Abthorpe had a medieval deer park. This is likely to have been Bucknell Wood, which has the rounded outline characteristic of such a park. On 20 December 1537 Sir William Parr reported to Thomas Cromwell that:

On Monday night last about 30 persons, 20 of whom were well horsed, came to Lord Mountjoy's park at Abthorpe, killed almost all the deer and took and bound one of Ric. Cecile's servants dwelling in Abthorpe. As Abthorpe is 24 miles from Parre's house, Sir Humfrey Stafford, who sent him word of it, caused his son to follow them. Such a thing was never done in these parts since he knew them. In his opinion it deserves great punishment. Asks whether he shall search in the adjoining shires for the procurers.

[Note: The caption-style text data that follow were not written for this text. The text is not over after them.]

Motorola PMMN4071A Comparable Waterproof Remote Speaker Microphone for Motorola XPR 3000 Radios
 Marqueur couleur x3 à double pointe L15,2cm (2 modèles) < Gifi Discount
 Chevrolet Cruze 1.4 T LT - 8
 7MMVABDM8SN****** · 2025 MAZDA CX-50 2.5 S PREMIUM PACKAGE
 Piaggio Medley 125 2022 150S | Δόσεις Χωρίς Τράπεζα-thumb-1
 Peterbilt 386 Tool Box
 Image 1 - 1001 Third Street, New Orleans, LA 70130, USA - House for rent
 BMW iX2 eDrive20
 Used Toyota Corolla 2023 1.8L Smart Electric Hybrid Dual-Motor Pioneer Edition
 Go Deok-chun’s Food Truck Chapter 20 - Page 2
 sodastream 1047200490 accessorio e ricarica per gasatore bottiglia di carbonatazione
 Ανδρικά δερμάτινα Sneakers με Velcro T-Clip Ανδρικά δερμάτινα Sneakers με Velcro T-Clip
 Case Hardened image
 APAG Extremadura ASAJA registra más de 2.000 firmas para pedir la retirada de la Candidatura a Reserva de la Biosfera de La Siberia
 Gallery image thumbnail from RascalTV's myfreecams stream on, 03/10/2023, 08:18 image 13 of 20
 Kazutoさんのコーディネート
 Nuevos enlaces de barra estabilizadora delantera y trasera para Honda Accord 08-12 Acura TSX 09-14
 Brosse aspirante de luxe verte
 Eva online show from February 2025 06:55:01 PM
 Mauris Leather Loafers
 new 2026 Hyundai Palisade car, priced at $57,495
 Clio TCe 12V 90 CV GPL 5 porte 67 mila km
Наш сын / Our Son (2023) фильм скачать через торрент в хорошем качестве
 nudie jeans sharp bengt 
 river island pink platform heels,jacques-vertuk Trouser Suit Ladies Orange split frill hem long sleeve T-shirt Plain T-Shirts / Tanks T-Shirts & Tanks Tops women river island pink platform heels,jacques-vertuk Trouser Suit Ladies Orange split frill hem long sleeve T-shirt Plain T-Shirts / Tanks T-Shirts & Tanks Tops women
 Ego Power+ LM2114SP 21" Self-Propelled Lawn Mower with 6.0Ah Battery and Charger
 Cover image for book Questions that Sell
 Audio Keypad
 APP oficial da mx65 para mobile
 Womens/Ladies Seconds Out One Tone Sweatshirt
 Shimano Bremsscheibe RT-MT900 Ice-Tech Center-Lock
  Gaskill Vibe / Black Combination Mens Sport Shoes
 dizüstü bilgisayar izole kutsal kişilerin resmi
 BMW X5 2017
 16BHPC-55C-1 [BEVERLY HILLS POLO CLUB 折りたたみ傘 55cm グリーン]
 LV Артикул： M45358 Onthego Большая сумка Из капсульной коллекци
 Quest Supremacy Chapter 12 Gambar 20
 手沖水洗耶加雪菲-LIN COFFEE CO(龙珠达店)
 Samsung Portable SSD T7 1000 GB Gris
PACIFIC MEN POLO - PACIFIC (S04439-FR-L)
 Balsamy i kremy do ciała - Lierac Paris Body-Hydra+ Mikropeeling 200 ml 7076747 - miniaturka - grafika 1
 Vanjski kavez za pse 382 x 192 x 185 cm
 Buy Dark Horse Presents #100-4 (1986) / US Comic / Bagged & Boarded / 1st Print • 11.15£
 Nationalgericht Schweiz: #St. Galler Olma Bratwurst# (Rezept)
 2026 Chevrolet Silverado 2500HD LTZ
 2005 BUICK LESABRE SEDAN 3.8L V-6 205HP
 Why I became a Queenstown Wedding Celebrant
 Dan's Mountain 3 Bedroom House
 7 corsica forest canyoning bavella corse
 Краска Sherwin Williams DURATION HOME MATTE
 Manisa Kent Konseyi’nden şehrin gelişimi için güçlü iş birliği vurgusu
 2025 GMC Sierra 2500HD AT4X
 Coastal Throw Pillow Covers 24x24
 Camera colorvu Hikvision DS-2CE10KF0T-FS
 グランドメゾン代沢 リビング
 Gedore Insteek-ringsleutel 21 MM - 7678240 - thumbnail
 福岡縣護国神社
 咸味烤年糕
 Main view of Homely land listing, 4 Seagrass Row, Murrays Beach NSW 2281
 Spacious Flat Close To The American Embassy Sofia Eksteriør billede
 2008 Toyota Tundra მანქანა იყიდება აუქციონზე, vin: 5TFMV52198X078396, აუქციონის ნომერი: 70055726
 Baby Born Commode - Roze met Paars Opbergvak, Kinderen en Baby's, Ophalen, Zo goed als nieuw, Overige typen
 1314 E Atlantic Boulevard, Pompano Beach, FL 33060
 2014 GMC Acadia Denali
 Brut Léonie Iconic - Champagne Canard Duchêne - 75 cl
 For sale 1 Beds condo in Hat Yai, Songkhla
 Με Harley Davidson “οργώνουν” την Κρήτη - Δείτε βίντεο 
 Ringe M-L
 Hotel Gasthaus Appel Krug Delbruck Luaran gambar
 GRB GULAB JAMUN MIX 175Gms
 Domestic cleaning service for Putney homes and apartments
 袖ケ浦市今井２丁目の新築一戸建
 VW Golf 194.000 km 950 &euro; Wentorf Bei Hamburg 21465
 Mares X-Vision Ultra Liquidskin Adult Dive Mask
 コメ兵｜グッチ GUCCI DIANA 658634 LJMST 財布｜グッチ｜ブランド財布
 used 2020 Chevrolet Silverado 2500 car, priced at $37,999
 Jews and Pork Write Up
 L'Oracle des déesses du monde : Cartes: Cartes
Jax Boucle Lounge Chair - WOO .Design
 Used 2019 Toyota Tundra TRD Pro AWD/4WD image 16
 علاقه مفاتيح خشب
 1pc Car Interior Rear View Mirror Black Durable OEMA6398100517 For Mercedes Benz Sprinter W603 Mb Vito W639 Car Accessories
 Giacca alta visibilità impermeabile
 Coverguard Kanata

The next day Parr updated Cromwell:

According to his letter, dated 21st inst., has endeavoured to find out the persons who made the spoil in Lord Mountjoy's park at Abthorpe. Can get no perfect knowledge but that Sir John St. John, Sir John Parkar, and Sir Robt. Kirkham are suspected. Sends the confession of one Thos. Bright, who was sent to gaol at Northampton on St. Thomas day before Christmas.

The oldest part of the village school was built in 1642 by local landowner, Jane Leeson, during the English Civil War. It is now the village hall.

Abthorpe was part of the Grafton Estate. Charlock Farmhouse, Foscote House and Hill House were all built for the estate in about 1840.

==Amenities==
The village has a public house, the New Inn.